Çalıntı bisiklet arayan polislerin 11 yaşındaki çocuğa müdahalesine soruşturma

19.12.2021 - 17:17 | Son Güncellenme:

Karabük’ün Safranbolu ilçesinde çalıntı bisiklet ihbarını araştıran polisler, sokakta gördükleri bisikletli Mirac Akgün'ü (11) durdurdu. Bisikleti almaya çalışan polisler direnen çocuğu yere yatırdı. Bu sırada çocuğun "İmdat, yardım edin" çığlıkları, çevredekilerin kamerasına yansıdı. Çocuğun babası bisikletin kendilerine ait olduğunu belirterek polislerden şikayetçi olurken, valilik, olayla ilgili soruşturma başlattı.

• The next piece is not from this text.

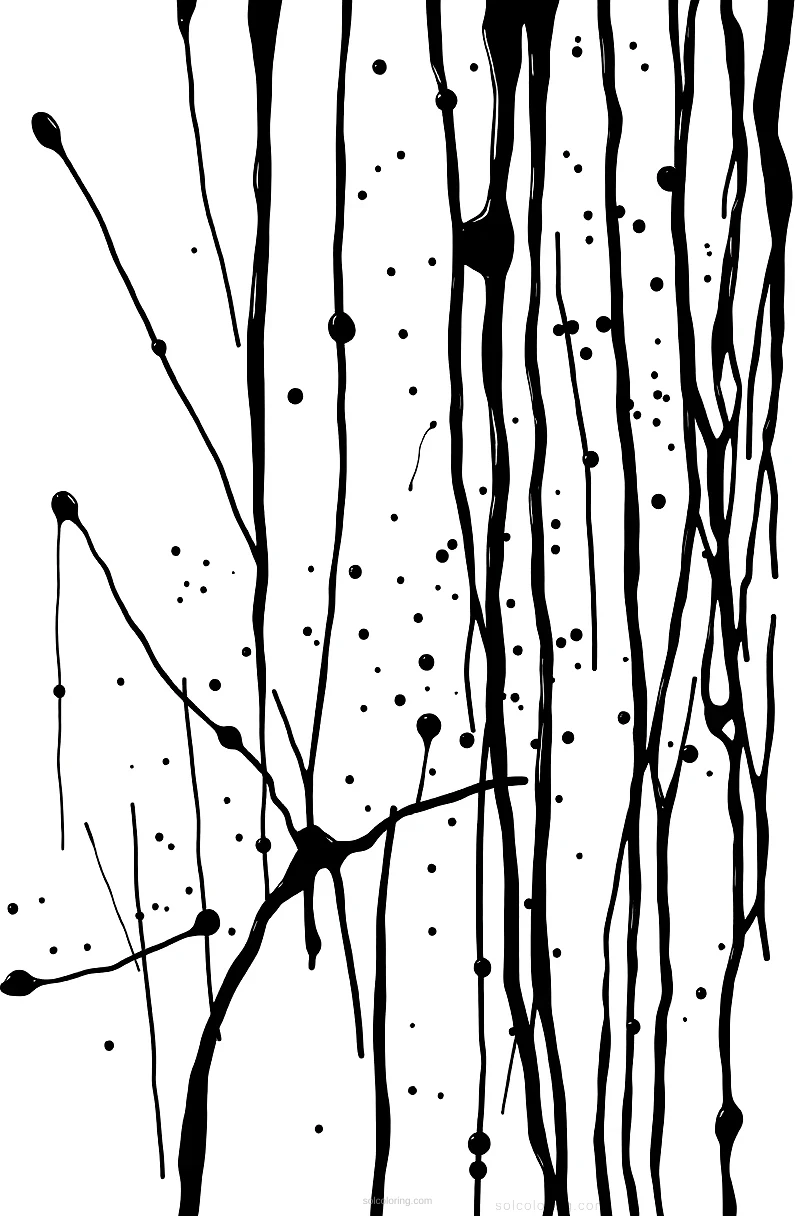 Pollock Drip Painting coloring page for kids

Çalıntı bisiklet arayan polislerin 11 yaşındaki çocuğa müdahalesine soruşturma

Olay, dün Karabük'ün Safranbolu ilçesi, Atatürk Mahallesi, Kaya Erdem Caddesi'nde meydana geldi. Çalıntı bisiklet ihbarı alan sivil polis ekibi, yolda bisikletli Mirac Akgün'ü görünce durdurdu. Hiçbir kimlik kontrolü yapmadan bisikleti almaya çalışan ekipler, çocuğun direnmesi üzerine yere yatırıp, müdahalede bulundu. Çocuğun "İmdat, yardım edin" diyerek bağırdığı o anlar, çevredekilerin cep telefonu kamerasına yansıdı. Görüntülerde, yerde yatan çocuğun "Ağabey, bisiklet benim. Vallahi, billahi benim bisikletim" dediği anlar yer alıyor.

Haberin Devamı

‘BABAM DEVLET MEMURU DEMESİNE RAĞMEN HIRPALAMIŞLAR'

Olayı duyarak polis merkezine gittiğini söyleyen baba Ferhat Akgün "Oğlum sinemaya gitmişti. Oradan olay yerinin yakınındaki tarihi konakta bulunan annesinin yanından döndüğü sırada panelvan bir araçla önünü kesmişler. Araçtan inen kişi, kendisini tanıtmadan oğlumu kolundan tutarak 'sen bunu nereden çaldın, kimden çaldın, nasıl çaldın' gibi sorular yöneltmeye başlamış. Oğlum, kendisini kaçıracaklarını zannetmiş. Bağırarak kurtulmaya çalışmış. İkinci gelen polis, aracın şoför koltuğundaki oğlumu arkasından tutarak yere yatırmış. Çocuğumu bisikletin demiri üzerinde sürüklemişler. Üzerindeki kıyafetleri falan çıkmış. 'Babam devlet memuru, itfaiyeci. Telefonla arayın, sorun' demesine rağmen hırpalamışlar. Bir vatandaş, müdahale edip çocuğu bunların elinden almış. Sonra oğlumun telefonundan beni aradılar. Bana da telefonda 'bu bisikleti nereden aldın, çaldınız mı?' gibi sorular sordular. Ben de bisikleti oğluma benim aldığımı söyledim. Çocuğun üzerine gitmemelerini söyleyince 'gel karakola, seninle orada görüşeceğiz' dedi" diye konuştu.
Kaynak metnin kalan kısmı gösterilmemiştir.